A careful, methodical sort of man, my Uncle Maynard had been, despite his fierce love of living. Yet this careful, methodical man had been found dead from insulin shock in a lonely spot high on the Downs. His life had been lost for the lack of something as elementary as a lump or two of sugar.
Chapter Two
I wakened when a seagull shrieked outside the window, to find that my bedroom had been transformed by the morning sunlight into a golden honeycomb. The footsteps of an early riser rang hollowly from the brick-paved alleyway below, echoing off the walls of close-packed buildings. A tantalising aroma of fresh-made coffee drifting up from somewhere made me long for a cup myself.
I found a jar of instant in the kitchen cupboard, and a pot of orange marmalade. With some uncrisp crispbread I dug out of a tin, it made a sort of breakfast. My one thought was to get downstairs to my treasure trove. Yesterday, in the limited time before my date with Peter Kemp, I’d had only a preliminary look round the shop, and now I wanted to immerse myself in its manifold delights.
I felt an impulse to flitter like a greedy butterfly, pouncing on those items that specially took my fancy, to finger them lovingly and admire the fine craftsmanship. But I disciplined myself to be methodical, checking each piece in turn against Uncle Maynard’s record book, trying to make it all familiar.
A tap-tap on the street door made me jump. A milkman was mouthing soundless words at me through the glass. “Did I want a pint?” he enquired when I opened up to him.
Yes, please, and I’d like him please to leave a bottle on the doorstep every morning. We chatted for a couple of minutes, and when he went off, whistling, I guessed he would spread it around the Lanes that Maynard Pennicott’s niece was taking over his antique shop. That suited me fine. The sooner I found my place in this tight-knit little community, and became one of the locals myself, so much the better.
As I shut the door again, the CLOSED sign rattled against the glass. I looked at it thoughtfully for a moment, then turned its other face: OPEN, OUVERT, OFFEN. Why not? Why lose a possible sale? I was in business now, and it gave me a nice pleasurable feeling.
An hour or so later I was examining a silver and tortoise-shell card case, trying to decipher the engraved monogram, when the bell above the door pinged. Here was my first customer, and I gave the woman an appropriately welcoming smile. She looked leisured, elegant, not short of money to spend, but shrewd and self-confident. She could hardly be described as beautiful, but I guessed that most men would find her instantly attractive, even though she was probably near forty.
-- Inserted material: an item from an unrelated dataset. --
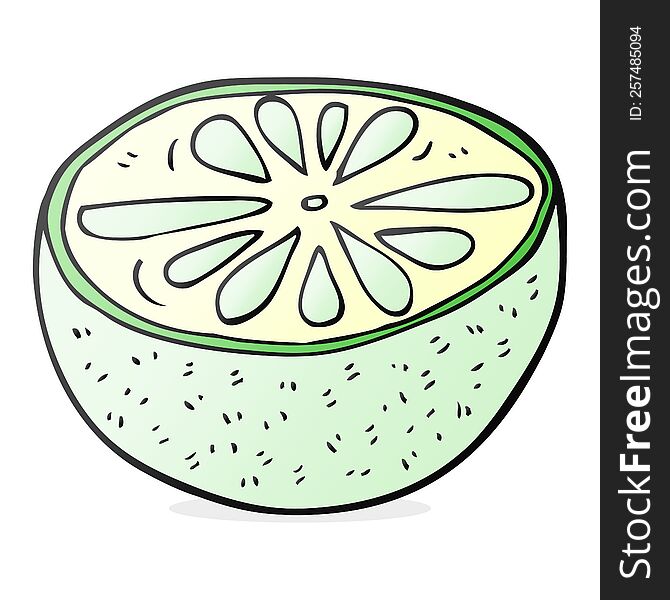 freehand drawn cartoon half melon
Her dark chestnut hair (which, if tinted, had been deceptively well done) was swept up into a pleat, revealing a smooth, slender neck; and her lightweight jersey suit in a subtle shade of rust was country-casual expensive.
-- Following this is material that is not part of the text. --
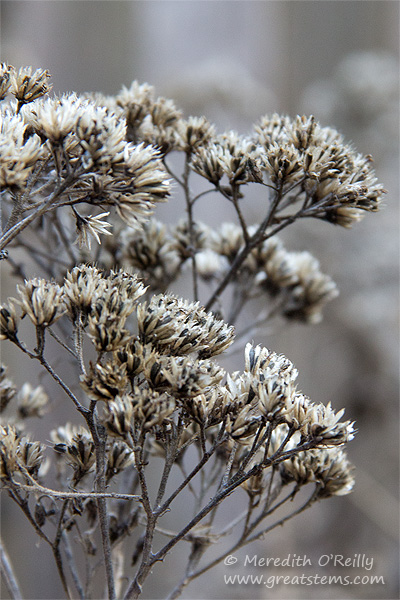 Frostweed (Verbesina virginica L.)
“It’s charming, isn’t it?” she said, nodding at the card case in my hand. “One of the last things Maynard purchased. He was particularly pleased with it.”
Puzzled, I regarded her enquiringly.
“I’m Pearl Ratcliffe.” She smiled at me, but her eyes were shielded by goggle-size sunspecs, and I couldn’t read their expression. “You’re Tess, of course.”
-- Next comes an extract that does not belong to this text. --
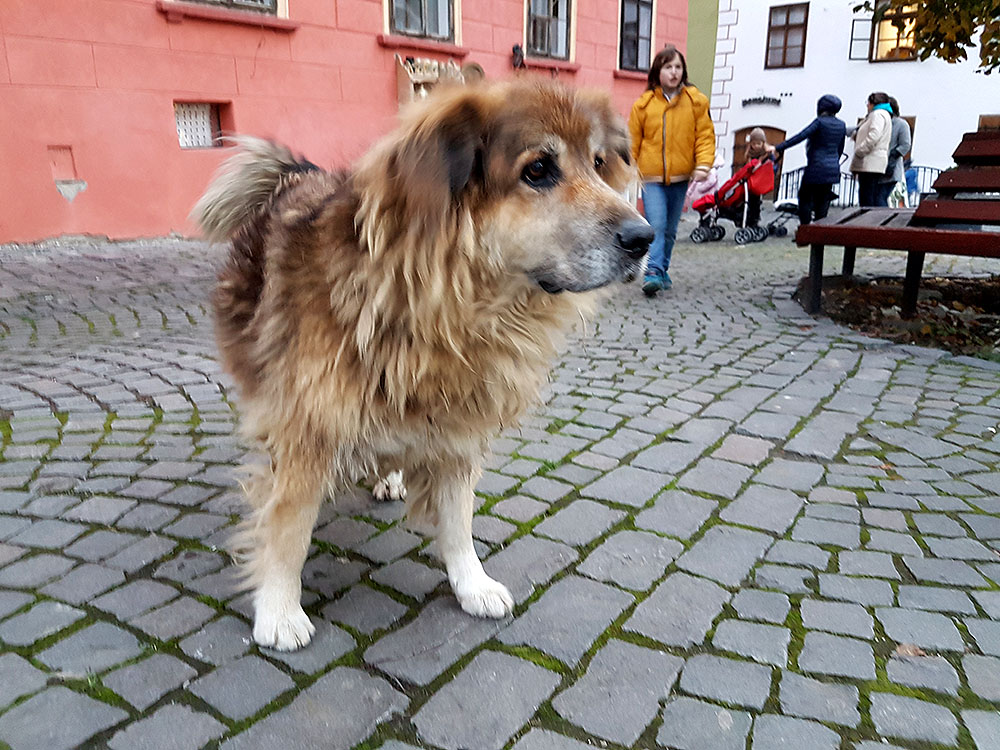 Сигишоара. Самый красивый город в Трансильвании Сигишоара. Самый красивый город в Трансильвании авиатур,автотуризм,виза,гид,города,заграница,мир,отдых,отпуск,поездка,путешествие,Румыния,самостоятельные путешествия,страны,тур,туризм,турист,экскурсионный тур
So this was the part-time assistant. As Peter had said, she didn’t look the type to need a pin-money job, and I wondered why she had chosen to work here. Out of interest in antiques? Or interest in my uncle?
She slid off her sunglasses to reveal magnificent, amber-coloured eyes which seemed to glint with amusement. Were my speculations about her so very plain?
“I was with Maynard for over three years,” she told me in her modulated English voice. “We met at the house of a mutual friend, and he asked me if I’d care to come and lend a hand here. I never regretted it. It was an arrangement that suited us both.”
So they had been lovers. She meant to leave me in no doubt of that. How upset was she about his death? I wondered. Not heartbroken, by the look of her, but such a self-composed woman would hardly wear her heart on her sleeve. Did she feel resentful against me that, because my uncle had left no will. I as his next of kin, and only relative, had inherited all he possessed?
There were so many questions I would have liked to ask her, but I knew she’d give me short-change answers. She made me feel nervous ... intended to make me nervous.
“I’m glad to know you, Mrs. Ratcliffe,” I said, with exaggerated warmth.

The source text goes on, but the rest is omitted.